[anon_d]

Writing functions that receive other functions as input can lead to over complicated code that's really hard to read.

I work in FP languages, and I find this type of code extremely intuitive and easy to understand.

I suspect that you are just not used to thinking this way, and that with more familiarity, you would not have this opinion.

[AnimalMuppet]

If I have a "known" function, map() for instance, and I pass a function into it, that's fine, because I already know what map() does. But if I have a function foo() that takes another function bar(), and I don't know what either one does, then I have to look at both foo() and bar() to understand what is going on. I have to look at two places, not just one.

But this is not unique to FP. If I'm using OOP, I can do the same thing with virtual functions. In UI frameworks I can do the same thing with callbacks.

Frankly, I don't like it, whether it's FP or not.

[nendroid]

So you like writing functions that take 3 functions as input parameters and returns a new function that also takes a function as an input parameter and returns another function? In general excessive use of this at great depth leads to code that is not only less readable but less modular.

The complexity of higher order functions can easily be reasoned about by looking at the cardinality of the type. Sum types and product types are standard and easy to reason about.

However an exponential type that takes in an exponential type and returns another exponential type leads to cardinalities and possibilities that are much harder to reason about.

Composition of combinators is a pattern promoted by point free programming that leads not only to higher readability but greater modularity due to the reduced cardinality. Additionally cardinality of the entire type can he reduced to only analyzing the the final result of the composition.

  F = A . B . C 

The cardinality of F is all that needs to be known. The cardinality of the individual components can be ignored and you don't have to reason about this. This is not the case for higher order functions.

In general business problems that we deal with do not Require higher order functions. Higher order functions share isomorphisms with two concepts we are already familiar with: frameworks and metaprogramming.

Frameworks are programs that call your code and metaprogramming is code that writes and calls code. These things are no different then a function that takes another function in as a parameter and calls it. All three concepts are aspects of the same thing.

Therefore all the downsides of metaprogramming and all the downsides of frameworks are applicable to higher order functions.

Most of the programming problems we solve in the real world do not require metaprogramming. It can easily be avoided and solved with much more composition of combinators.

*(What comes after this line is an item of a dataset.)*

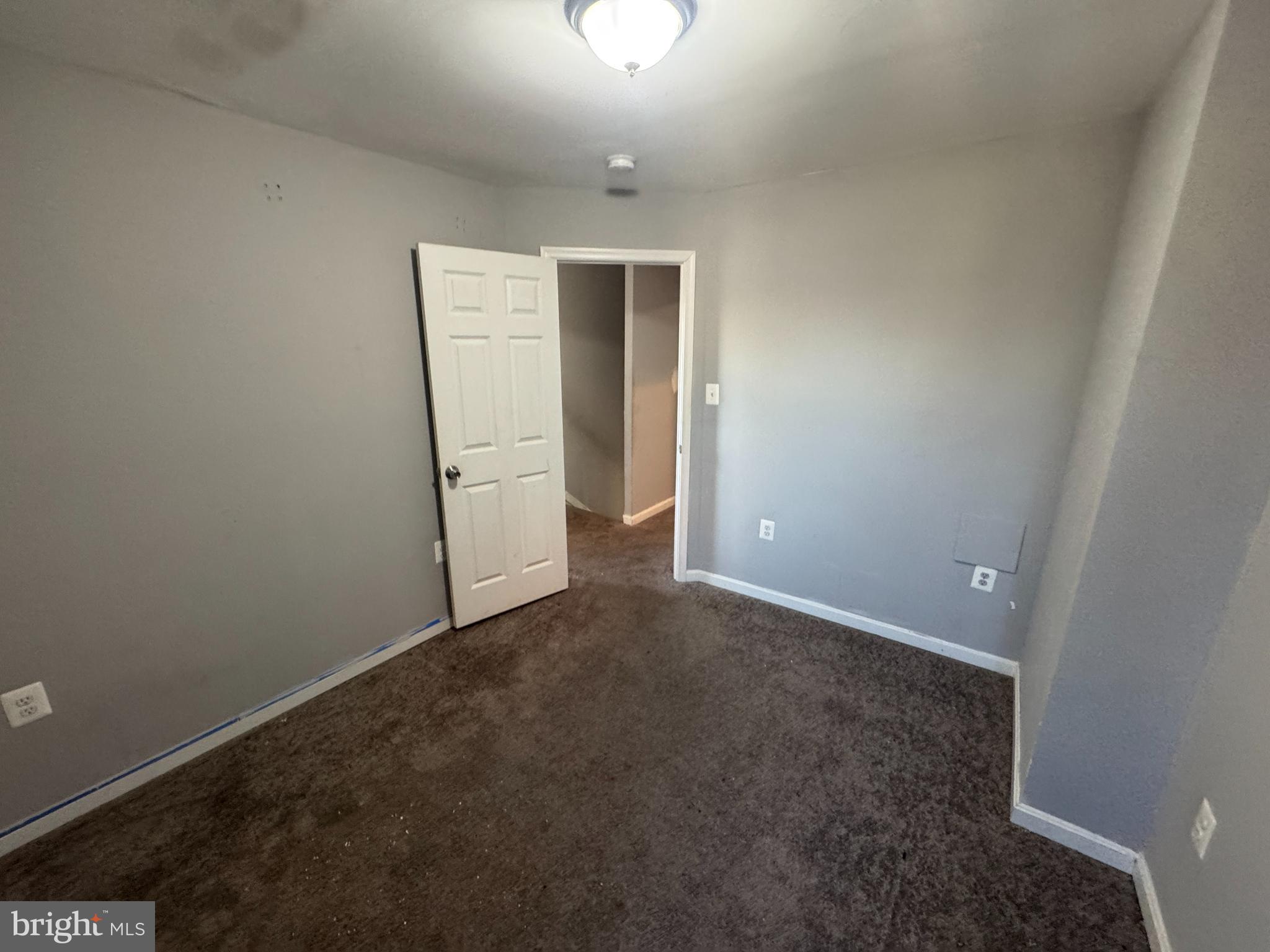 EVERGREEN LAWN - Residential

Again, not saying to avoid the usage completely but the usage of higher order functions like metaprogramming should be minimal and used sparingly.

[Twisol]

> In general business problems that we deal with do not Require higher order functions.

I cannot agree here, being currently involved in modeling and simulation work that would heavily benefit from more advanced type systems. A user would usually prefer to interact with a system with basic elements, but the interactions of the underlying domain concepts really do want to be captured with a richer set of tools.

And, to head off the "in general", there is a long tail of unique problem domains. Each individually doesn't get as much press as, say, a CRUD app, but that doesn't mean that simpler problem domains are necessarily in the majority.

[nendroid]

I refer to business problems but in reality what I said applies to all problems.